Dr. Powell shared compelling research findings on the impact of trauma on children, such as the correlation between gender and the trauma response, with Black boys expected to “be a man about it” and Black girls’ proclivity to “tend and befriend,” implying a “superwoman” schema. The impact of such behaviors include Black boys and girls being viewed as more “adult-like” than their white counterparts, with horrifying consequences of these “adultification biases” for their treatment by such sectors as the criminal justice system.
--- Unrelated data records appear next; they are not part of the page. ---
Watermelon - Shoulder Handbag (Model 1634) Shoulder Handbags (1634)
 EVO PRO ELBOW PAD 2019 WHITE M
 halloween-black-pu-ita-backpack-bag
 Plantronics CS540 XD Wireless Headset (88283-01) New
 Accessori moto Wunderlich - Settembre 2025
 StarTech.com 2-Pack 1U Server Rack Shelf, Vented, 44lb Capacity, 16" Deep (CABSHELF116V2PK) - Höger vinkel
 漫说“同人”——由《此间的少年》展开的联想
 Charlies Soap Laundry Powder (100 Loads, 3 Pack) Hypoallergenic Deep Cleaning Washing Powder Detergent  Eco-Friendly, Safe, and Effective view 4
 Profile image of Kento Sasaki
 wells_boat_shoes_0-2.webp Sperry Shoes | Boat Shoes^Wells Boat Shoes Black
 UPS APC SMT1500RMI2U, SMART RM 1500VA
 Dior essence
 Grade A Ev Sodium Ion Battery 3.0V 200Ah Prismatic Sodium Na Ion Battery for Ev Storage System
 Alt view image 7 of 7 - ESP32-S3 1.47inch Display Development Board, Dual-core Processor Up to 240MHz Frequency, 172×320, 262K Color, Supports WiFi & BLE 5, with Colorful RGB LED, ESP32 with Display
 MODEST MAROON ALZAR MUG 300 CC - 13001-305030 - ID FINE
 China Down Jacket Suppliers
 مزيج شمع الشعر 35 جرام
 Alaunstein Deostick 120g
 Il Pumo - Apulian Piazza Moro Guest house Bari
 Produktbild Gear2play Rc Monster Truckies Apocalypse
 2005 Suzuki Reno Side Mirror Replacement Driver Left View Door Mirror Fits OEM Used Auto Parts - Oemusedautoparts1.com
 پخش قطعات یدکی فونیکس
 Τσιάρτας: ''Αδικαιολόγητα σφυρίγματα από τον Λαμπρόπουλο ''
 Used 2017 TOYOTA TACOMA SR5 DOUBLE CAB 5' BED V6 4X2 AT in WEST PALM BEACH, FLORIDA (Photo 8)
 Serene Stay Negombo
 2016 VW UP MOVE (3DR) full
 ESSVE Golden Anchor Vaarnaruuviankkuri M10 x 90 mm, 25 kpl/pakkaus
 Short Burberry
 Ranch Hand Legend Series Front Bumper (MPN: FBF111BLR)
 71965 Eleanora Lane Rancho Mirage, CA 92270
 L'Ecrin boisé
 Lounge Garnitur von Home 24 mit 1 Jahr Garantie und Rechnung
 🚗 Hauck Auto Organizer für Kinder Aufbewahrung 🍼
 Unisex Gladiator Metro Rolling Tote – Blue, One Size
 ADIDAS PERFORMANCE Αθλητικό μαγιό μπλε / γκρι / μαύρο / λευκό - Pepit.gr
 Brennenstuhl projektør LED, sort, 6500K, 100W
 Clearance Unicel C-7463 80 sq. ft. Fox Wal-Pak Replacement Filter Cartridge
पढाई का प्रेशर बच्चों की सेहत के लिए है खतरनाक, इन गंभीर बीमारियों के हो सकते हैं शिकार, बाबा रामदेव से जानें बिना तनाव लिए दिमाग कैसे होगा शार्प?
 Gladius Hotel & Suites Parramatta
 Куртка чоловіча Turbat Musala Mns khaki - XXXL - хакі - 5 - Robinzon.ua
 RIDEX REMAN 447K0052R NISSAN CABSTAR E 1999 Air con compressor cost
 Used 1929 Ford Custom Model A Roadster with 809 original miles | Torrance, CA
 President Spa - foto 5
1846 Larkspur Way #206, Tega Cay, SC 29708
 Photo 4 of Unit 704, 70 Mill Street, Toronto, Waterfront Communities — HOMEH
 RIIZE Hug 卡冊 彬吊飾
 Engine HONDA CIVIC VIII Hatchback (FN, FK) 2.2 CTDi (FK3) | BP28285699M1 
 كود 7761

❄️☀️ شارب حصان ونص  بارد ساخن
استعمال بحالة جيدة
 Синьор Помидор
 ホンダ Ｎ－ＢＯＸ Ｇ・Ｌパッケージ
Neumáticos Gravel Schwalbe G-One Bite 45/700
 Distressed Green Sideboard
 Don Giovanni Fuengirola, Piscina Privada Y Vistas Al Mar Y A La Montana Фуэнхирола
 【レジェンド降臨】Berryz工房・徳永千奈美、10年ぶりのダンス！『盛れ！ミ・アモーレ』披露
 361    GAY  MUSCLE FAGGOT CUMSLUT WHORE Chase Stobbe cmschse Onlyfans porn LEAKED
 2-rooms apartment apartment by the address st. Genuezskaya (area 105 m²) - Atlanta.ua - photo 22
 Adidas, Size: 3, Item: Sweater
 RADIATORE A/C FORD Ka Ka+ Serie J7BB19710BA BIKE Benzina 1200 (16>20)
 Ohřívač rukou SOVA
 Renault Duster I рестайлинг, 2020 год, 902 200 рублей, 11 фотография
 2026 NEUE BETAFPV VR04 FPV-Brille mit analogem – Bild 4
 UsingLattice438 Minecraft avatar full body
Dr. Powell derived implications of these critical research findings. Perhaps most importantly, racism must be viewed and addressed as the public health problem that it is. We must measure the injury caused by the trauma of racism, develop interventions to buffer the impact of racism on children, undertake the “radical healing” necessary to enhance children’s social-emotional competence and self-regulation, address social determinants of health, and ensure alignment of systems, policies, and practices to achieve equity. “Speaking to the wounds” must go beyond trauma-informed care to healing-centered mentoring and pedagogy. Such healing must include radical empathy and hope.

I cannot recall a Grand Rounds that encouraged more powerful introspection and yielded more profound implications for our work to strengthen families to promote children’s optimal health, development and well-being.  While I suspect that most, if not all, of the large audience of nearly 300 derived their own take-away messages and thoughts for action steps, I am pleased to share a few of mine:

  • Dr. Powell’s summary of rich and powerful research findings reinforces the importance of ensuring that our efforts through such efforts as Connecticut Children’s Diversity, Equity, and Inclusion initiative and OCCH’s Pathways to Action are driven by science, as well as our intuition, passion and best of intentions. Our work must be research informed and research driven.
  • The discussion validated many of the critical concepts and principles that drive our work.  Achieving equity and justice demands a comprehensive systems approach invoking, as we so often state, “all systems in” and “cross-sector collaboration.” All sectors offering support to children and their families are critical, as Dr. Powell’s example of the role of the arts so effectively illustrated. We must continue to focus on strengthening families’ protective factors, given the importance of enhancing family resiliency and advancing children’s social-emotional well-being. 
  • We must be more explicit in calling out racism and its inherent inequities to invoke and advance the radical healing needed to achieve the outcomes that we seek.  In our efforts to address the “biology of adversity,” i.e., adverse childhood experiences, toxic stress, and social determinants of health, we cannot be agnostic regarding the impact of racism and its attendant traumas.

I am encouraged by the strong attendance, engagement and reactions to Dr. Powell’s exceptional presentation. While the large size of the audience favorably reflected the perceived importance of her critical topic for discussion, the overwhelmingly favorable evaluations of her talk on racial trauma and radical healing, and the encouraging statements of respondents’ commitment to applying the lessons learned to their practice and behavior inspire the hope that Dr. Powell described as necessary to be impactful and achieve change. Indeed, nothing is more crucial to our future as a society.